(Stored dataset items)
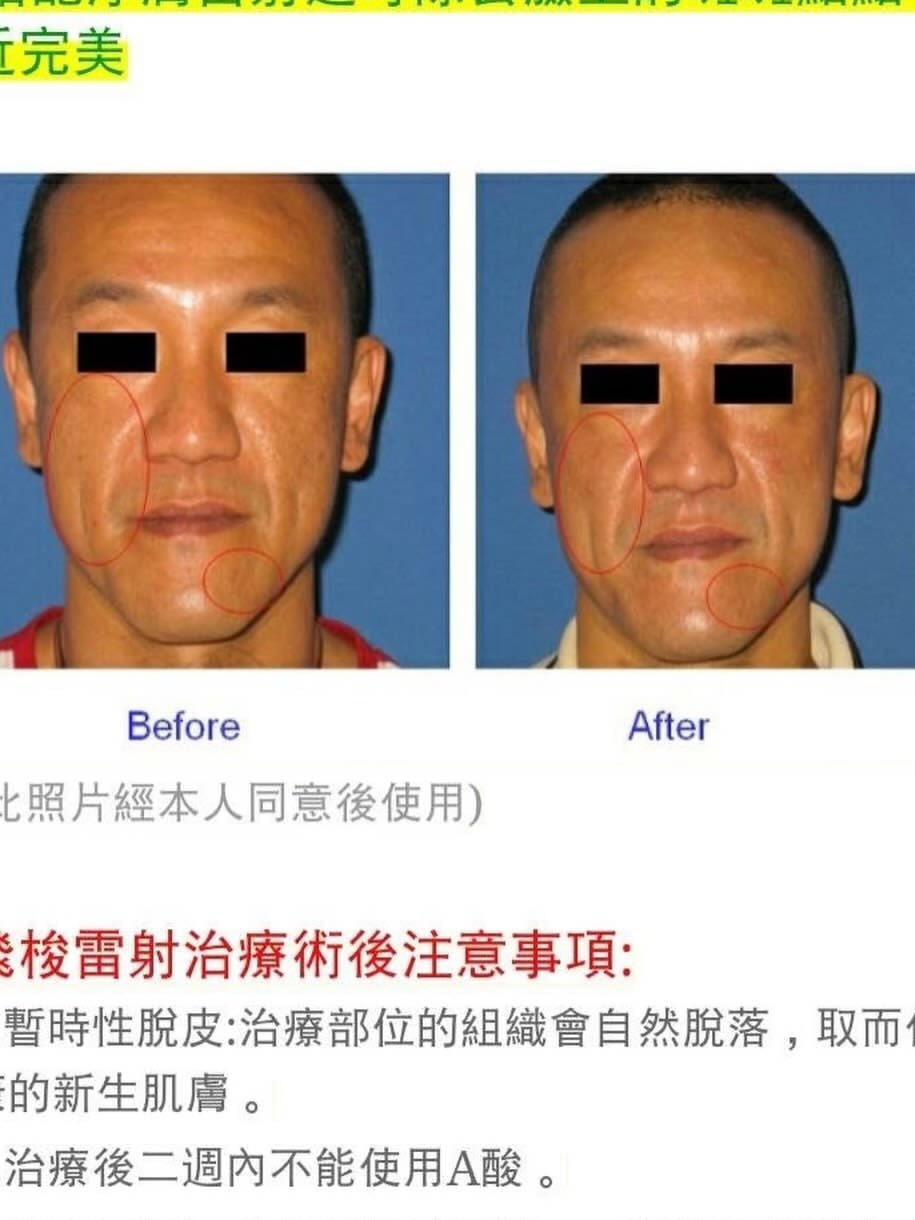 笑…好像没有马赛克的必要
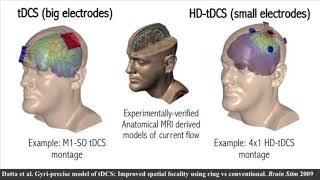 "Neuromodulation for Neuroergonomics" talk by Marom Bikson 2018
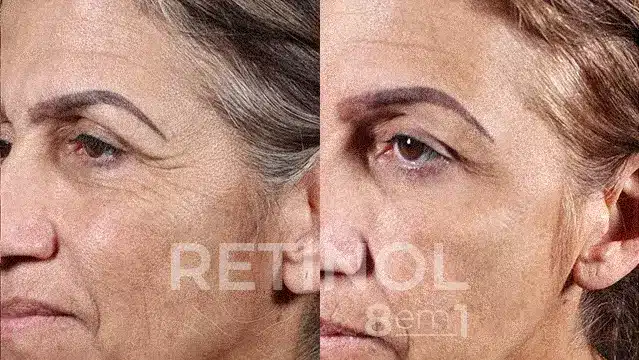 RETINOL 8 EM 1 17 AnyConv.com 44 1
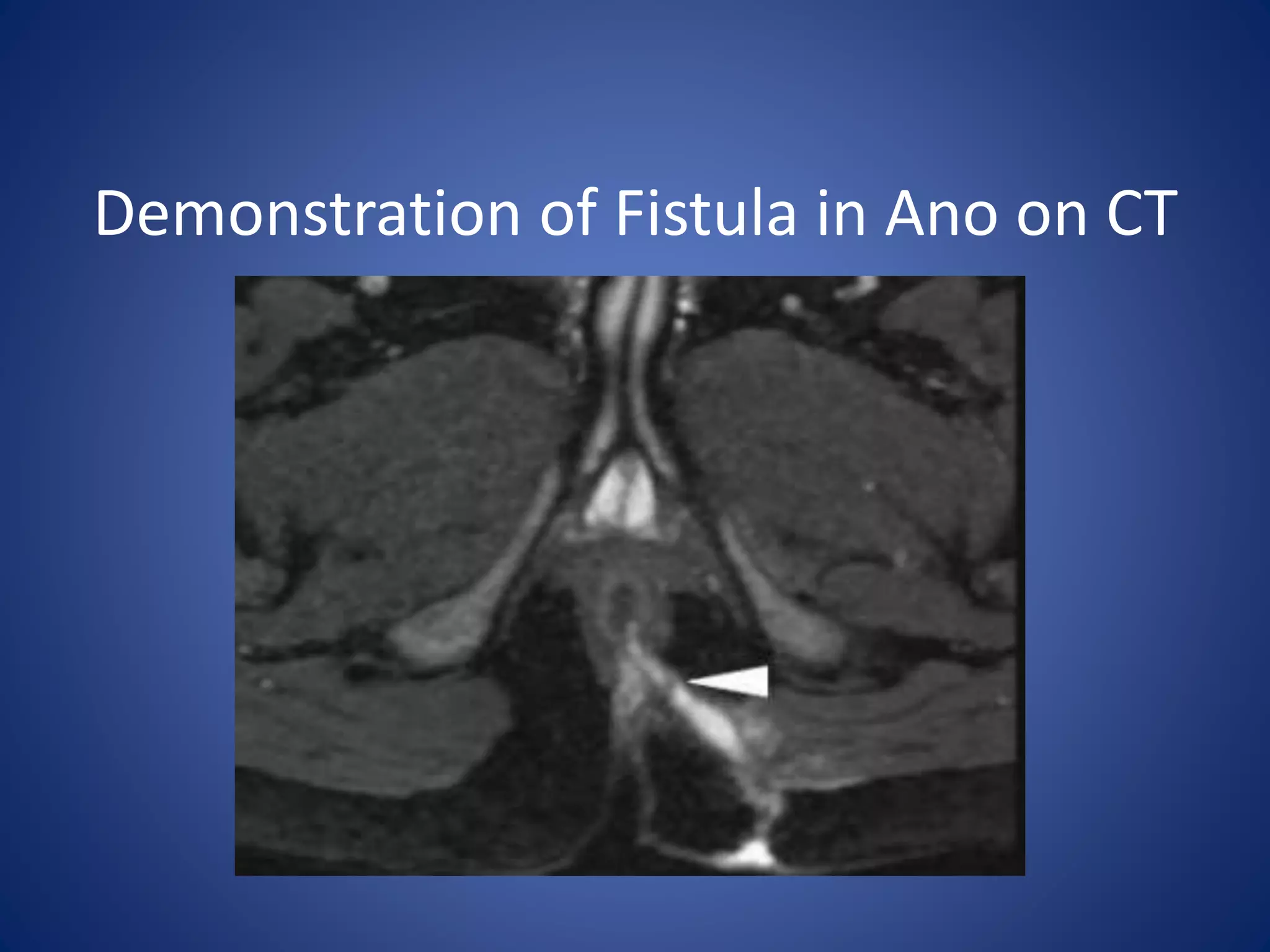 Demonstration of Fistula in Ano on CT
 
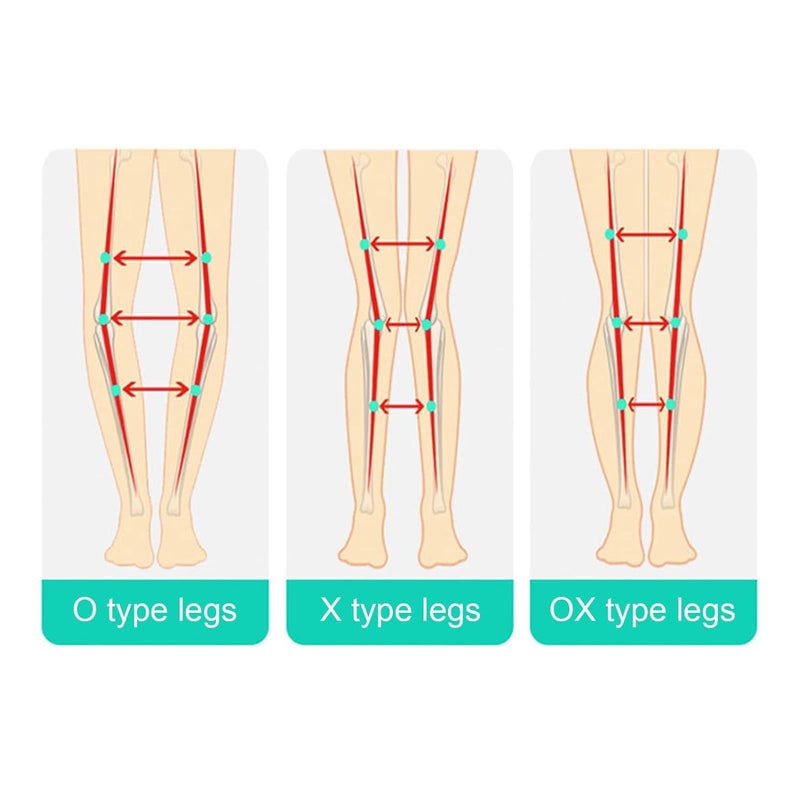 Luckam O/X Leg Type Correction Belt, Elasticity Leg Posture Corrector Band Unisex Teens Legs Bandage Strap, Lightweight Pediatric Straighten Belt for Day and Night Black (Large) - Image 4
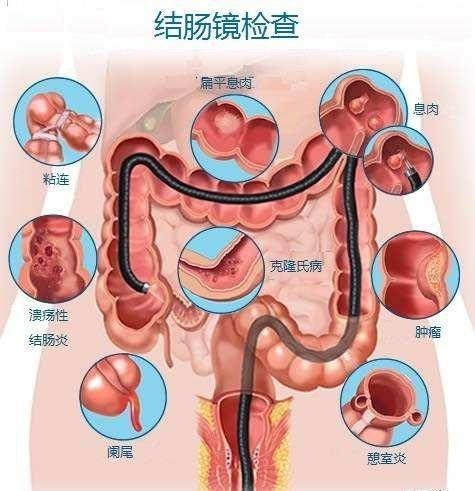 消化系统的知识口诀,关于消化系统的小知识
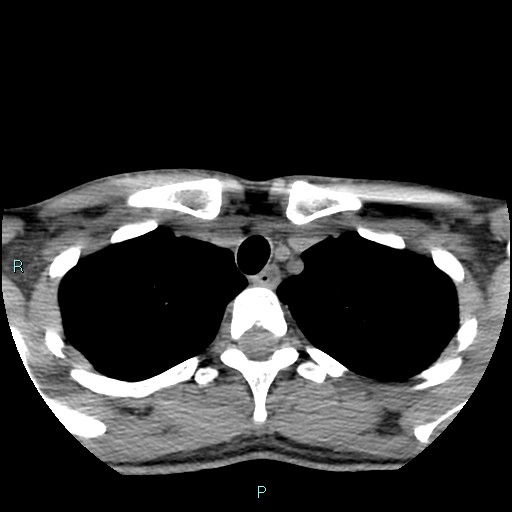 Cervical thymic cyst (Radiopaedia 88632-105335 Axial non-contrast 20).jpg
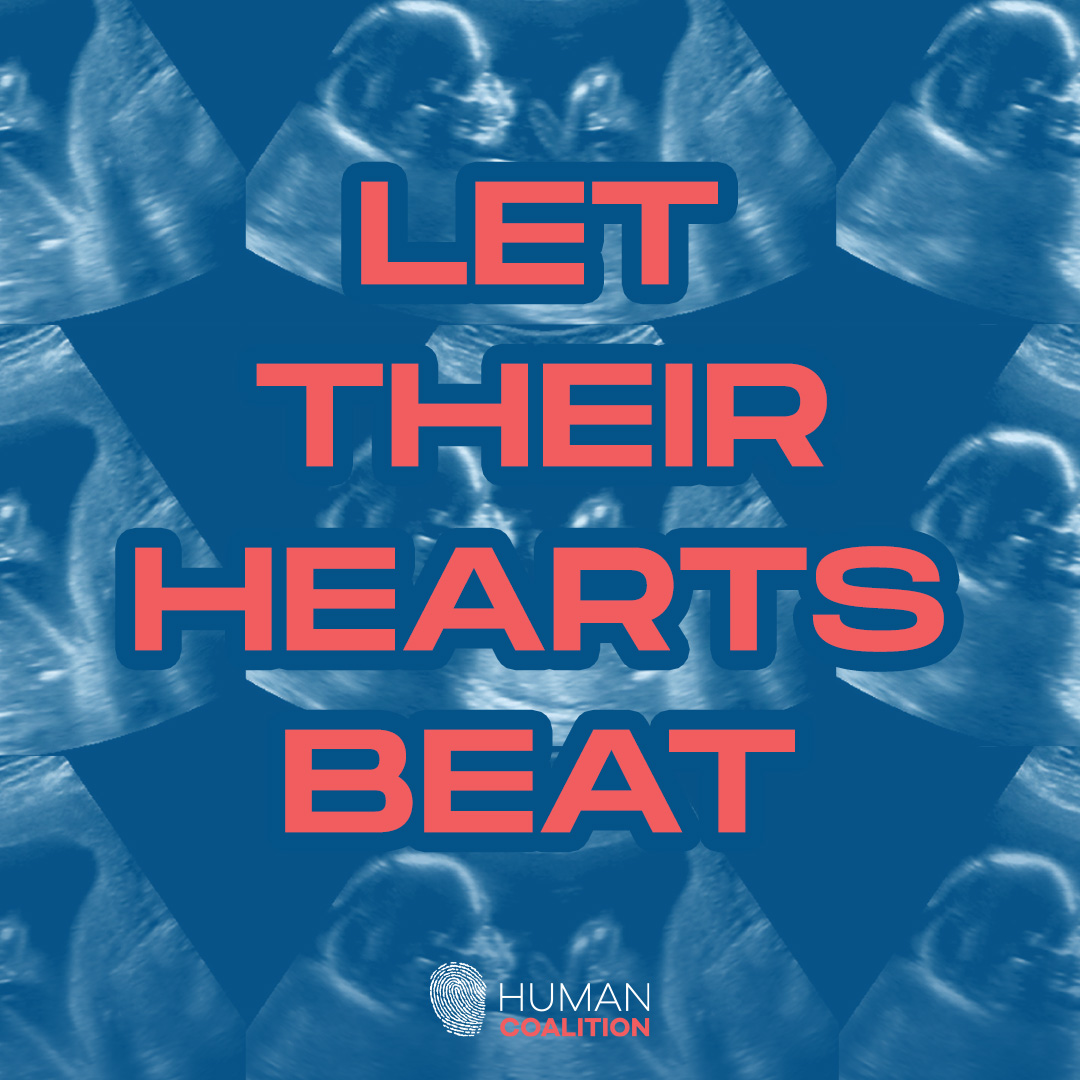 True love puts others first. It requires self-sacrifice, not self-interest. True love invites us to serve others, especially the most marginalized and helpless in society. This is our calling, and yes, it sometimes involves hardship. #SaveTheBabyHumans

**TRY IT**. Pictures stay out; the data above is to be returned exactly.

**COMPLETED TASK**.
 笑…好像没有马赛克的必要
 "Neuromodulation for Neuroergonomics" talk by Marom Bikson 2018
 RETINOL 8 EM 1 17 AnyConv.com 44 1
 Demonstration of Fistula in Ano on CT
 
 Luckam O/X Leg Type Correction Belt, Elasticity Leg Posture Corrector Band Unisex Teens Legs Bandage Strap, Lightweight Pediatric Straighten Belt for Day and Night Black (Large) - Image 4
 消化系统的知识口诀,关于消化系统的小知识
 Cervical thymic cyst (Radiopaedia 88632-105335 Axial non-contrast 20).jpg
 True love puts others first. It requires self-sacrifice, not self-interest. True love invites us to serve others, especially the most marginalized and helpless in society. This is our calling, and yes, it sometimes involves hardship. #SaveTheBabyHumans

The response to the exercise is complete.